D. W. Rutledge

Biographical details
- Born: c. 1951 Houston, Texas

Playing career
- 1971–1974: Texas Lutheran
- Position: Linebacker

Coaching career (HC unless noted)
- 1980–1983: Judson HS (TX) (DC)
- 1984–2000: Judson HS (TX)

Head coaching record
- Overall: 198–31–5

Accomplishments and honors

Championships
- 4 Texas 5A (1988, 1992, 1993, 1995)

= D. W. Rutledge =

American football player and coach

D. W. Rutledge is a former high school football coach and current executive director of the Texas High School Coaches Association. Rutledge is one of the most successful coaches in Texas high school football history, winning four state championships in the state's highest classification.

A native of Houston, Texas, Rutledge attended Sam Houston High School and later the Texas Lutheran University, where he captained the school's 1974 NAIA Division II National Championship team and was a Kodak All-American linebacker for head coach Jim Wacker. Upon his graduation in 1975, he made several stops, following his college football coach, James Wacker, from school to school, over the course of five years before finally becoming an assistant coach at Judson High School in Converse, Texas in 1980, serving as defensive coordinator for the 1983 5A state championship squad. Rutledge was named head coach in 1984, guiding Converse Judson to a 198–31–5 record in 17 seasons.

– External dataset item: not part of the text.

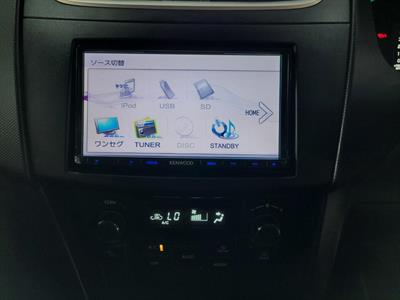 2014 Suzuki Swift - Thumbnail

Rutledge co-authored a book titled Coaching To Change Lives with Dennis Parker, former offensive coordinator at Converse Judson. The Judson football stadium in Converse was renamed in his honor.

In 2019, Chris Doelle and Dr. Charles Breithaupt authored a biography of D.W. Rutledge that included the results of every game he coached as well as countless stories from his coworkers, athletes and family members. The book Rocket Man: The Story of D.W. Rutledge and the Judson High School Football Dynasty featured a foreword by Grant Teaff.